The program was included in the materials that DOE officials distributed Monday at a briefing for the Legislature’s Education Committee on education spending in the governor’s proposed $6.2 billion for the next biennium. The program was not discussed during the committee briefing, and it was unclear how the department would allocate the funds.
A DOE spokesman, David Connerty-Marin, said no one from the department would be available for comment on the proposal. But some legislators voiced immediate concerns.
“This is a vehicle to implement a voucher program without having an earnest conversation about it,” said Rep. Matthea Daughtry, D-Brunswick, who blasted the proposal and said it should have been introduced as its own bill, not included in LePage’s proposed budget.
The costs would be paid from the Choice and Opportunity Fund, an existing $530,000 fund that had been previously earmarked for a school that is now one of the state’s first charter schools, the Maine Academy of Natural Sciences at Good Will-Hinckley in Fairfield.
It would apply to students who qualify for free and reduced lunch under federal law, which in Maine is 44 percent of all students, or 84,000 students out of 189,000.
The head of the state teachers union questioned whether it was the best use of scarce funds for education.
“There isn’t money for the day-to-day costs of school. There isn’t money for retirement costs. But there is money for new programs that someone has decided take precedence,” said Lois Kilby-Chesley, president of the Maine Educators Association, which represents teachers. “These are pet projects. … The money is just being shifted around.”
According to the budget proposal, the commissioner “may” reimburse low-income families for:
• Some portion of transportation costs for students transferred from one school district to another. Currently those transfers must be approved through superintendent agreements or by the state education commissioner.
• The tuition and transportation costs to attend an approved private school or public school outside the student’s district. This would include town academies such as Thornton Academy or private schools like Waynflete School in Portland, for example, but not religious schools.
• Cost of residential services at a residential public charter school. The only residential charter school in the state is the Maine Academy of Natural Sciences in Fairfield.
Daughtry said financing is a concern, too.
“We have to be very careful where we allocate our funds right now,” Daughtry said.
Too often, she said, each legislative session brings lots of ideas that she described as “bright shiny toys” — new educational initiatives that are exciting, but lack funding or take money away from bread-and-butter needs at the district level.
Her Republican colleague, Michael McClellan, of Raymond, agreed. He said he supports voucher programs, but there are budgetary concerns.
“You have to really think about it,” McClellan said, noting that his district already has school choice and would pay tuition at other schools. “The problem is, we have got great public schools, but we legislators keep piling on (new mandates).”
There are 12 states plus the District of Columbia with school voucher programs, according to the National Conference of State Legislatures. Of those, four states plus D.C. offer them to low-income students or students from failing schools.
In 1989, the Wisconsin legislature passed the nation’s first modern school voucher program. In 2011, Indiana created the nation’s first statewide school voucher program for low-income students.

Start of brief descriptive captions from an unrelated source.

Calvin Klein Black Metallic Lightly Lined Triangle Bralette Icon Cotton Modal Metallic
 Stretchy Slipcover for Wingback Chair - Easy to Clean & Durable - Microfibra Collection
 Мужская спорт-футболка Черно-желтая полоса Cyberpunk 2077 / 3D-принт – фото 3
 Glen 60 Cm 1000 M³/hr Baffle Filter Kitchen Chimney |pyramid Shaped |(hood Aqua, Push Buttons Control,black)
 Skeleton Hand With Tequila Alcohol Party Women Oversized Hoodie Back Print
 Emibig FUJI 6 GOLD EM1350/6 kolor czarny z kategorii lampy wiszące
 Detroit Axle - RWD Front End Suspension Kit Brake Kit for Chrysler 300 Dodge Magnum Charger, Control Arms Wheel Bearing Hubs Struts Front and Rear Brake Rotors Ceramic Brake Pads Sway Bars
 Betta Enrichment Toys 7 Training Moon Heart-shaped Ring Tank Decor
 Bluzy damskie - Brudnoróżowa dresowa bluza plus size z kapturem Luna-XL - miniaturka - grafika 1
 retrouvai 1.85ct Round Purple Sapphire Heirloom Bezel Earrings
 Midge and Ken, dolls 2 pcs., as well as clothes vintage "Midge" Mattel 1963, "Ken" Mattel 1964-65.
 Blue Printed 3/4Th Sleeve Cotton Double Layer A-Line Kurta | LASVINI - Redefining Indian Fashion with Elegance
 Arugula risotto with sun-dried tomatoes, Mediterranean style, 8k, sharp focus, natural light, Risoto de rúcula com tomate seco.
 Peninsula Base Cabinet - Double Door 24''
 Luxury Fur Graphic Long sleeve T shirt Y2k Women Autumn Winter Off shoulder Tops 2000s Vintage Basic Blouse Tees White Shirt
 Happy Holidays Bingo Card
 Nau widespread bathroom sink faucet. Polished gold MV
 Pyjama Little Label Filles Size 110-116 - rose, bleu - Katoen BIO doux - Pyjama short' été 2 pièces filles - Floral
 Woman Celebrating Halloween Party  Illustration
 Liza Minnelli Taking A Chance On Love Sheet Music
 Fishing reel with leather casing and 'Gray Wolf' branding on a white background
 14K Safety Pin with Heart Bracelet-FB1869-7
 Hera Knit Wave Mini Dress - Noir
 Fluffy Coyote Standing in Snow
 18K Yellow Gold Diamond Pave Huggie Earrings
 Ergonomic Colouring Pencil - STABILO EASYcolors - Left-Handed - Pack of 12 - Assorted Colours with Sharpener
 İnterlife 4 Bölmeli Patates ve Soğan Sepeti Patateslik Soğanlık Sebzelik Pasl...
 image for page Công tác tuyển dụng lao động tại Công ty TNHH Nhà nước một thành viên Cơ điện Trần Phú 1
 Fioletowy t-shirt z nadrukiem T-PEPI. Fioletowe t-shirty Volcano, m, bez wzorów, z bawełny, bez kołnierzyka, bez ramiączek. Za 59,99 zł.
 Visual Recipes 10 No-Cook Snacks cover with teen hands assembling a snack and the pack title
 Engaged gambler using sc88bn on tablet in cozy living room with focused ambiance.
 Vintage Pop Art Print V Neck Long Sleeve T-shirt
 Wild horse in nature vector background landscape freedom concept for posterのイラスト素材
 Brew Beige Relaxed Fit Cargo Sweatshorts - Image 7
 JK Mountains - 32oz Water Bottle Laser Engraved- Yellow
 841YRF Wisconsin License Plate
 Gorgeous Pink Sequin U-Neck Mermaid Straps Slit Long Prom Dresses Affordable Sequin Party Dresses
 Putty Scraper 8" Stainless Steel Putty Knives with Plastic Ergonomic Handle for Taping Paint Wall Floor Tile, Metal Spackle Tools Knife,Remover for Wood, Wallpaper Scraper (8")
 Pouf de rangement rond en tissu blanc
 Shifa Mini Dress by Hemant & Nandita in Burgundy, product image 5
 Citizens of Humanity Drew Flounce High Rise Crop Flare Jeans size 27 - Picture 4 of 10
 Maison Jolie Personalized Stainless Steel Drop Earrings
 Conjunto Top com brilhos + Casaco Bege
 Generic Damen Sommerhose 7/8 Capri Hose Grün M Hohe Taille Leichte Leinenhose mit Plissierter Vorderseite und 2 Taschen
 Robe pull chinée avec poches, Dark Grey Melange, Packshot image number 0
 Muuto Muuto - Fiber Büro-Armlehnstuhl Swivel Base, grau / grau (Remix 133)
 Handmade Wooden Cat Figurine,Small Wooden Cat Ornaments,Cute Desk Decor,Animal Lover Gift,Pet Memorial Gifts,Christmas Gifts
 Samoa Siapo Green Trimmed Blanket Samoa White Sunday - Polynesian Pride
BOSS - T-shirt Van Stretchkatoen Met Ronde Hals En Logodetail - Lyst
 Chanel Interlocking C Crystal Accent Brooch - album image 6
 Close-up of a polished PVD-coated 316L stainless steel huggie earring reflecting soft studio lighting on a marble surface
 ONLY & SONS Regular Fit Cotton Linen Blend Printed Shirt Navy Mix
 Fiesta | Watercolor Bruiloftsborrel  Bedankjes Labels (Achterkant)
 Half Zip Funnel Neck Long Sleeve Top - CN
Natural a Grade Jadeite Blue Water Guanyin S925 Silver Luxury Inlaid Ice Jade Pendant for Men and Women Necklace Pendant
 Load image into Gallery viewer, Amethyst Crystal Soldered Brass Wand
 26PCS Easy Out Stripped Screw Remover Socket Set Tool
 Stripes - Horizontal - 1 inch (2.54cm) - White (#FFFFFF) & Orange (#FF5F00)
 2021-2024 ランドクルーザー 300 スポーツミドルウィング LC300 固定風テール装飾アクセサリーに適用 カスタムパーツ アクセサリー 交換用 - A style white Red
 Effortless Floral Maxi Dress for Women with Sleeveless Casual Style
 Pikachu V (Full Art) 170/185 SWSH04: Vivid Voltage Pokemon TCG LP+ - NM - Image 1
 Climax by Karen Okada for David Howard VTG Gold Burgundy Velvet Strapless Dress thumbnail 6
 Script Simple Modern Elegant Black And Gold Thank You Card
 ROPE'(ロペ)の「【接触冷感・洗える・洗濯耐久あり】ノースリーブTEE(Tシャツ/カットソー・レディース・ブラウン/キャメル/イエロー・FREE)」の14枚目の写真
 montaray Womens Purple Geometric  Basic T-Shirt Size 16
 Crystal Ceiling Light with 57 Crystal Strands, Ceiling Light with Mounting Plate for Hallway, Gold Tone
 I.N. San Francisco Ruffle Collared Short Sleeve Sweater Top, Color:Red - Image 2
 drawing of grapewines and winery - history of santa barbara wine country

Under current Maine law, a school district that doesn’t have its own schools, or a contract with a nearby district, already pays the tuition for students to attend a public or approved private school. It was unclear Monday if the proposed fund could offset those local costs.
Other lawmakers agreed they needed to discuss the issue.
“For years I’ve strongly opposed vouchers. I think it weakens the commitment to our public schools,” said Rep. Brian Hubbell, D-Bar Harbor. “At what point are you actually signaling a lack of support for public education?”